3077,X9,4,X,False,5.0,35.32,35.079389
3078,X9,5,X,False,5.0,30.86,30.661447
3079,X9,6,X,False,5.0,26.88,26.719278
3080,X9,7,X,False,5.0,25.68,25.507652


## Get max slice for every patient

In [4]:
excel_scores = "../../lvnc-dataset/resumen-datos-npP1-P307-v3.xlsx"
excel_outputs = "../../lvnc-dataset/salidas-datosP1-P307-v3.xlsx"

In [5]:
def convert_cell(x, first_char: str):
    """
    Function to process and transform the cells of the column containing the patients or the slices
    """
    if isinstance(x, str):
        if len(x)>0:
            if x[0]==first_char:
                if "®" in x:
                    return x.split(" ")[0] + "-REVERSED"
                return x.split(" ")[0]
    return np.NaN   

In [6]:
def read_excel_scores(sheet_name: str, first_char_patient: str):
    df_excel = pd.read_excel(excel_scores, sheet_name=sheet_name, skiprows=17, usecols="A,C,D",
                             header=None, names=['patient', 'slice', 'score'], #index_col=[0,1],
                             converters={
                                 'patient': lambda x: convert_cell(x, first_char_patient),
                                 'slice': lambda x: convert_cell(x, "c")
                             })#.reset_index()
    df_excel['patient'] = df_excel['patient'].ffill()
    df_excel = df_excel.dropna(subset=['slice'])
    print(f"Total number of slices: {len(df_excel)}")
    df_excel["slice"] = df_excel["slice"].apply(lambda x: int(x[1:])) # Remove initial 'c'
    # Invert the order of "reversed" slices
    aux_dfs = []
    for patient, group in df_excel.groupby('patient'):
        if "-REVERSED" in patient:
            n_patient = patient.replace("-REVERSED", "")
            max_slice = max(group["slice"])
            group["patient"]=n_patient
            #group["slice"]=group["slice"].apply(lambda x: 1 + max_slice - x)
            #group.sort_values(by=["slice"], inplace=True)
            group["reversed"] = True
        else:
            group["reversed"] = False
            
        aux_dfs.append(group)
    
    df_excel = pd.concat(aux_dfs)
    return df_excel

In [7]:
df_max_slice_p = read_excel_scores("P1-P307", "P").groupby("patient")["slice"].agg(max)
df_max_slice_x = read_excel_scores("X1-X67", "X").groupby("patient")["slice"].agg(max)
df_h = read_excel_scores("ValldHbron", "P")
df_h["patient"]=df_h["patient"].apply(lambda x: x.split("-")[1])
df_max_slice_h = df_h.groupby("patient")["slice"].agg(max)

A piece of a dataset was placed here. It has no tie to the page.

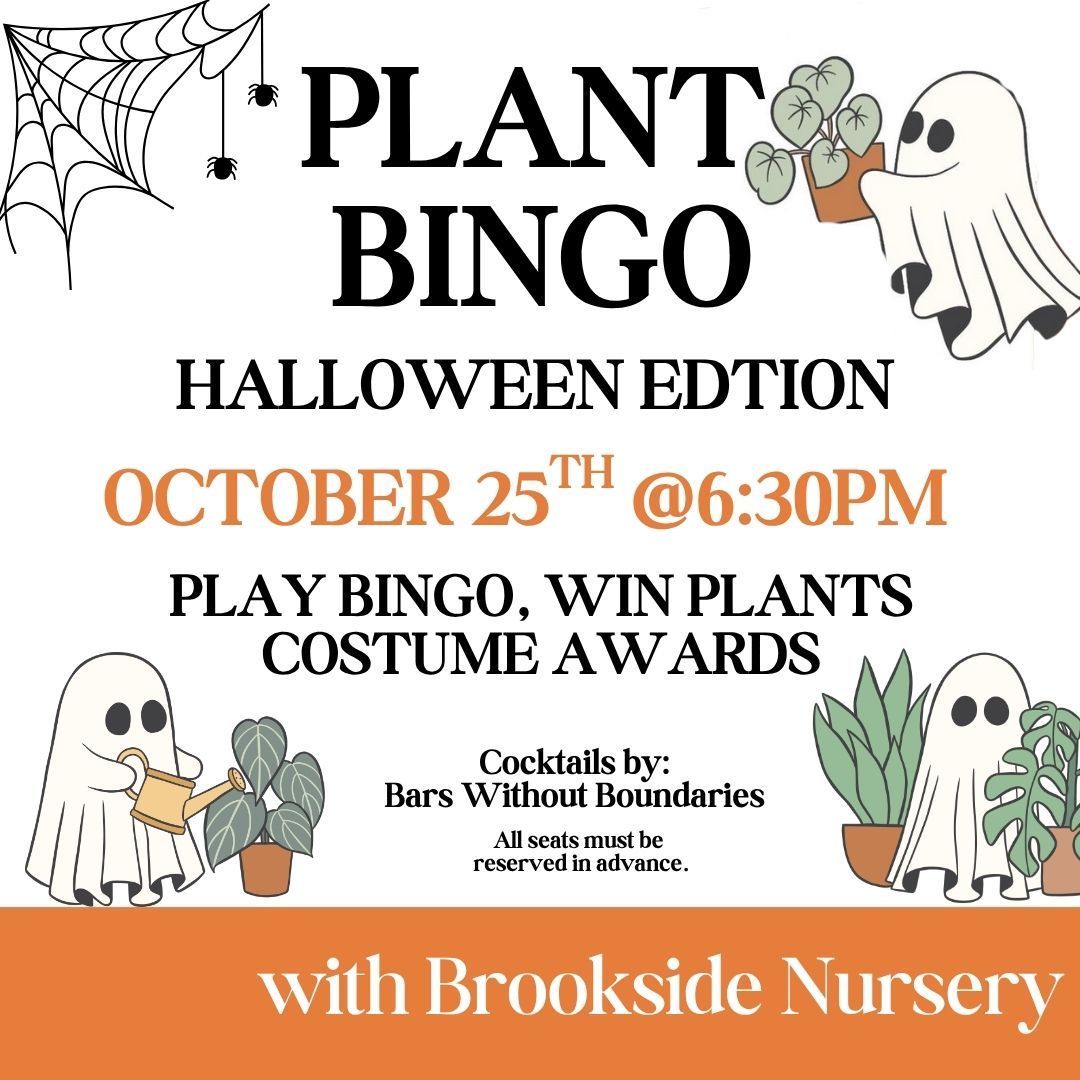 Halloween Bingo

  df_excel = pd.read_excel(excel_scores, sheet_name=sheet_name, skiprows=17, usecols="A,C,D",


Total number of slices: 2939


  df_excel = pd.read_excel(excel_scores, sheet_name=sheet_name, skiprows=17, usecols="A,C,D",


Total number of slices: 564


  df_excel = pd.read_excel(excel_scores, sheet_name=sheet_name, skiprows=17, usecols="A,C,D",


Total number of slices: 283


In [8]:
df_max_slice = pd.concat([df_max_slice_p, df_max_slice_x, df_max_slice_h])
df_max_slice = df_max_slice.rename("max_slice")

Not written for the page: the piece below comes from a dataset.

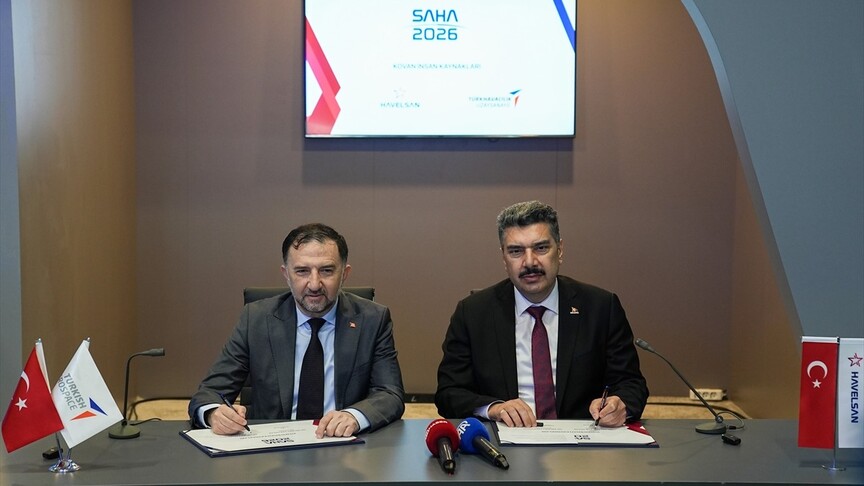 TUSAŞ 16 bin çalışanının yönetimini hangi yerli sisteme emanet etti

## Get VT% from the spreadsheets

In [9]:
df_vol_p = pd.read_excel(excel_outputs, skiprows=15)
df_vol_p = df_vol_p[["Paciente", "VT%"]]
df_vol_p = df_vol_p[df_vol_p["VT%"].notna()]
df_vol_p["Paciente"] = df_vol_p["Paciente"].apply(lambda x: x.split(" ")[0])
df_vol_p["VT%"] = df_vol_p["VT%"].apply(lambda x: float(x.replace(",", ".")) if isinstance(x, str) else x)

df_vol_x = pd.read_excel(excel_outputs, skiprows=15, sheet_name="X1-X67")
df_vol_x = df_vol_x[["Paciente", "corte","VT%"]]
df_vol_x["Paciente"] = df_vol_x["Paciente"].ffill(limit=5)
df_vol_x = df_vol_x[df_vol_x["corte"].notna()]
df_vol_x = df_vol_x[df_vol_x["VT%"].notna()]
df_vol_x = df_vol_x[df_vol_x["Paciente"].notna()]
del df_vol_x["corte"]
df_vol_x["VT%"] = df_vol_x["VT%"].apply(lambda x: float(x.replace(",", ".")) if isinstance(x, str) else x)

df_vol_h = pd.read_excel(excel_outputs, skiprows=15, sheet_name="ValldHbron")
df_vol_h = df_vol_h[["Paciente", "corte","VT%"]]
df_vol_h["Paciente"] = df_vol_h["Paciente"].ffill()
df_vol_h = df_vol_h[df_vol_h["corte"].notna()]
df_vol_h = df_vol_h[df_vol_h["VT%"].notna()]
df_vol_h = df_vol_h[df_vol_h["Paciente"].notna()]
df_vol_h["Paciente"] = df_vol_h["Paciente"].apply(lambda x: x.split("-")[1])
del df_vol_h["corte"]
df_vol_h["VT%"] = df_vol_h["VT%"].apply(lambda x: float(x.replace(",", ".")) if isinstance(x, str) else x)

df_vol = pd.concat([df_vol_p, df_vol_x, df_vol_h])
df_vol = df_vol.rename(columns={"Paciente": "patient"})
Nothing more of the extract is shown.